Hibernate HQL And Performance
Wednesday, 23 August 2006
The Hibernate ORM tool give you the ability to write SQL-esque queries using HQL to do custom joining, filtering, etc. to pull Objects from your database. The documentation gives you a lot of examples of the things you can do, but I haven’t seen any caveats or warnings.
Database Performance
As far as database performance goes there are two major things to start with when you want to understand your database performance:
- How many queries are run?
- How expensive are the individual queries?
Not too earth shattering is it? Basically if you run fewer queries of the same cost you’re better off. Likewise, if you make the queries themselves cost less (by optimizing the queries themselves, creating the proper indexes, etc) then they will run faster. So of course the best is to do both. Identify you to run fewer, faster queries. (Yes, I’m still waiting on my Nobel prize.)
I’ll talk more about fewer queries later…
To make queries faster, you mostly are working in the database. You depend on good tools and good statistics. If the size and kind of data changes, you might have to redo this stuff.
To Optimize your database queries:
- Run some queries examining their execution plans
- Find some possible columns to index
- Create an index
- Re-run the queries and examine the execution plans again
- Keep it if it’s faster, get rid of it if it’s not
- Goto 1
Hibernate and Caches
Hibernate does one thing: It maps Objects to a Relational database. Hibernate is really pretty good at that mapping and can support all kinds of schemas. So you should be able to (relatively) easily map your objects to your schema.
Hibernate also has two potential caching schemes. What it calls Level-1 and Level-2 caching. Level-1 caching is done through the Hibernate session. As long as the Hibernate session is open, any object that you have loaded will be pulled from the session if you query for it again.

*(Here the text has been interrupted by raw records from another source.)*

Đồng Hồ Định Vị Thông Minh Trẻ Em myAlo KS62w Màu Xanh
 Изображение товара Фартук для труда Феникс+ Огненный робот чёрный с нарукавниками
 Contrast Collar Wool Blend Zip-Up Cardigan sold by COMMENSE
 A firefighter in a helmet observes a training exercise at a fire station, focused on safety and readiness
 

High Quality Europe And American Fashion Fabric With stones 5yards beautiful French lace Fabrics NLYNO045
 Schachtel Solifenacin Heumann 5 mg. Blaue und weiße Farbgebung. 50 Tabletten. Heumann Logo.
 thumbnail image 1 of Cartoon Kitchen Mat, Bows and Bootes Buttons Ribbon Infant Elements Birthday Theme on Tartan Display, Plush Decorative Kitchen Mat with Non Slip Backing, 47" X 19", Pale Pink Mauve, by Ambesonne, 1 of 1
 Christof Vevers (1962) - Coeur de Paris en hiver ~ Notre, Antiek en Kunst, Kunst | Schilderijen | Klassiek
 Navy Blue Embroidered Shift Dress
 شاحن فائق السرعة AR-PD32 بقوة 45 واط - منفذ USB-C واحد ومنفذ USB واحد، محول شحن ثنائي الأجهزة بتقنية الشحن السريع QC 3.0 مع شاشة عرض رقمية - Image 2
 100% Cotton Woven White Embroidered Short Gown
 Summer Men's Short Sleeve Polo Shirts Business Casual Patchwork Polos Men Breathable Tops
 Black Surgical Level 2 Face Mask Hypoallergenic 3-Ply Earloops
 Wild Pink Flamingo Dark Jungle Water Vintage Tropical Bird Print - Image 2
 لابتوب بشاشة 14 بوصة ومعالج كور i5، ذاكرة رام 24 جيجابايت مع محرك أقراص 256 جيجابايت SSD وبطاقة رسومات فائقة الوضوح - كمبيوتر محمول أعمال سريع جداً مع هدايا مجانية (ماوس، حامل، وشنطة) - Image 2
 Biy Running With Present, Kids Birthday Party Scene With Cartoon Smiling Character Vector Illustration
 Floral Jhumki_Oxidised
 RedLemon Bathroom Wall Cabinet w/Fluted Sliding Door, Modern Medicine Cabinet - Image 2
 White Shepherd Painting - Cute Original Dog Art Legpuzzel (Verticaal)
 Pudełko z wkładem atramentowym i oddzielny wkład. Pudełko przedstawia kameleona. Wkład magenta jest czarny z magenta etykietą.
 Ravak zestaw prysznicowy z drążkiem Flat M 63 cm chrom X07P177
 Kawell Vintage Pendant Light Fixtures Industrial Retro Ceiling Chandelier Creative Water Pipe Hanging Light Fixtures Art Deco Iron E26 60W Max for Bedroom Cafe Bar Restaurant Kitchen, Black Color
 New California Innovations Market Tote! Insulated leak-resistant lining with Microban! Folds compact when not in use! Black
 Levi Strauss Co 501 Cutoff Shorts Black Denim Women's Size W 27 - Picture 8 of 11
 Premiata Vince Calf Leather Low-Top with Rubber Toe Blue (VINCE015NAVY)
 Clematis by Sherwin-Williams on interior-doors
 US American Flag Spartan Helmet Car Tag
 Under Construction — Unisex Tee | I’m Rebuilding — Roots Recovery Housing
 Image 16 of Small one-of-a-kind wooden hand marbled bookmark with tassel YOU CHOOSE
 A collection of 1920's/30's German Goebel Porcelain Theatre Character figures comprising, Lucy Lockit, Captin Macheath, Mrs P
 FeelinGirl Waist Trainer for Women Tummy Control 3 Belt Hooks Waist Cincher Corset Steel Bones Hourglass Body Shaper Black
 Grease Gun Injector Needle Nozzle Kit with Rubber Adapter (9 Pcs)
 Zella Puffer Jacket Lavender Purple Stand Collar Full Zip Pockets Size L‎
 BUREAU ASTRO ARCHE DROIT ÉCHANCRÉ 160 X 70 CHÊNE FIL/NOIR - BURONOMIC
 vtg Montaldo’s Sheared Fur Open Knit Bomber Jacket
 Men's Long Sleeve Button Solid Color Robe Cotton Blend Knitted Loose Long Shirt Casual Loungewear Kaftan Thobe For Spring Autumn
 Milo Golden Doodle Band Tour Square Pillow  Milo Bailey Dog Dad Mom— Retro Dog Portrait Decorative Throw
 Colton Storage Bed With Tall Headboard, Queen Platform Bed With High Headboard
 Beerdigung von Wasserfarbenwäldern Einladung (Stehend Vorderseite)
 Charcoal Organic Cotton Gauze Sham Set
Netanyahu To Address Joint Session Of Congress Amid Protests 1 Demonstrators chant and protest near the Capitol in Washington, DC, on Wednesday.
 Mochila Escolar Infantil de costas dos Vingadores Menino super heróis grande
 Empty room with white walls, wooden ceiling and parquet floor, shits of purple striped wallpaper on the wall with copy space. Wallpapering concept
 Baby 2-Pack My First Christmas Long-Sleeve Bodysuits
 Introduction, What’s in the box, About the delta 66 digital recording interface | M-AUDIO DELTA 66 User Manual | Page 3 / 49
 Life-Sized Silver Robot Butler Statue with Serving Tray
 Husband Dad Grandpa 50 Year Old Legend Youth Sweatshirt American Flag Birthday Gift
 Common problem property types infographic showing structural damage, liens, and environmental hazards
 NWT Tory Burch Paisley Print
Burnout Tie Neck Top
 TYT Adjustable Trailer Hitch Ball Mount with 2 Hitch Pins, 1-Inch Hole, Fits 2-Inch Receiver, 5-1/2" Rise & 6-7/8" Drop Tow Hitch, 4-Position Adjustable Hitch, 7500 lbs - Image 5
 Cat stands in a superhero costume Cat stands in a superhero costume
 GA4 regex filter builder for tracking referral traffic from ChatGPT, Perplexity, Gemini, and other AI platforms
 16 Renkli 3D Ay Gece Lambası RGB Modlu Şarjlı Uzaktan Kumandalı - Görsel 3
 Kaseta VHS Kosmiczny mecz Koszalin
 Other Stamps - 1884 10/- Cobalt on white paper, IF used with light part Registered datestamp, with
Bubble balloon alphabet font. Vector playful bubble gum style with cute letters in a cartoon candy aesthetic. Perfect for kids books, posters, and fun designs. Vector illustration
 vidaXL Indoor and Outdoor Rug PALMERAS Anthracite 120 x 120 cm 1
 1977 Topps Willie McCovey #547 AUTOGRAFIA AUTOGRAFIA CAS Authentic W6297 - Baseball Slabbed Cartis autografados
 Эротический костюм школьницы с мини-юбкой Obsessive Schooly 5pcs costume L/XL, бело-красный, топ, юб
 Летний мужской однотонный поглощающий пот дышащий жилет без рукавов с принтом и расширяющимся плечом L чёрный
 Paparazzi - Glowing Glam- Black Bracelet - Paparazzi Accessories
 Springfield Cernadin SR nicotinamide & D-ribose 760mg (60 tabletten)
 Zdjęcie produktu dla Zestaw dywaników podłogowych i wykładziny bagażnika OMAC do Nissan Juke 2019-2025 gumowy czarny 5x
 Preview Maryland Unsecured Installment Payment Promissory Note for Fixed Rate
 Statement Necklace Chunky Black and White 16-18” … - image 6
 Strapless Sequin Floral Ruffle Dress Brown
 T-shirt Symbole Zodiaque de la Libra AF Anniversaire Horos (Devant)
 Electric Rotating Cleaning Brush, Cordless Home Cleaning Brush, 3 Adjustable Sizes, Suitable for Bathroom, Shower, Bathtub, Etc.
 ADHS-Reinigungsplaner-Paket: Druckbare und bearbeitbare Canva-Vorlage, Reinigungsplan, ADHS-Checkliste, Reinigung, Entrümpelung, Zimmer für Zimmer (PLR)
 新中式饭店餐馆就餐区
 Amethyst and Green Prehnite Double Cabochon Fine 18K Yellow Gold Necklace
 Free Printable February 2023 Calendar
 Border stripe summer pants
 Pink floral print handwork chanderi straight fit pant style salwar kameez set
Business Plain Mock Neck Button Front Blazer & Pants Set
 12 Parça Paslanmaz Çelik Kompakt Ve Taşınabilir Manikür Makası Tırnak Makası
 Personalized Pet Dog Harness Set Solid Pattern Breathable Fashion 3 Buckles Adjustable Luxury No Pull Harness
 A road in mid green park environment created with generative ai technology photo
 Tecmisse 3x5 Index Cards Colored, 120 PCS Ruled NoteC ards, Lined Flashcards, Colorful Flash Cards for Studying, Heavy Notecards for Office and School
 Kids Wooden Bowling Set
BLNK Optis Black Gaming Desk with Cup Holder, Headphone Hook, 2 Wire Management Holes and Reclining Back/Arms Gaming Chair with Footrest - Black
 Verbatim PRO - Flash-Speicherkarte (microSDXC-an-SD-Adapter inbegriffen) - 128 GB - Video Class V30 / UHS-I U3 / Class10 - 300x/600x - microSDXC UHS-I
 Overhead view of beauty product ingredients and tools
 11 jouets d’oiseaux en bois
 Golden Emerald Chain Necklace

The Level-2 cache is a longer-running, more advanced caching scheme. It allows you to store objects across Hibernate sessions. You’re often discouraged against using Level-2 caching, but it is very nice for read-only objects that you don’t expect to change in the database (think of pre-defined type information and the like). Again, if you query or one of these objects using Hibernate, then you’ll get an object from the Level-2 cache.
Notice how the Level-1 and Level-2 cache prevent Hibernate from having to re-query the database for a lot of objects. This of course can be a huge performance benefit. Likewise, Hibernate supports Lazy Loading of collections, so if your object is related to a collection of other objects, Hibernate will wait to load them until you need them. Once they’ve been loaded though, they are in the Object graph, so accessing them a second time does not require another round-trip to the database.
All of this lazy loading and caching is about reducing the number of queries you need to run against the database. You can also tweak your Hibernate mapping files to implement things like batching (loading children of multiple parents in one query) to greatly reduce the number of queries that need to be run. You can also specify to pre-load a related object using a left join if you will always need the object and want to get both in the same query. Most of the decisions are dependent on your application and what you are doing, but they are very easy to play with in your configuration and see if they improve your application performance.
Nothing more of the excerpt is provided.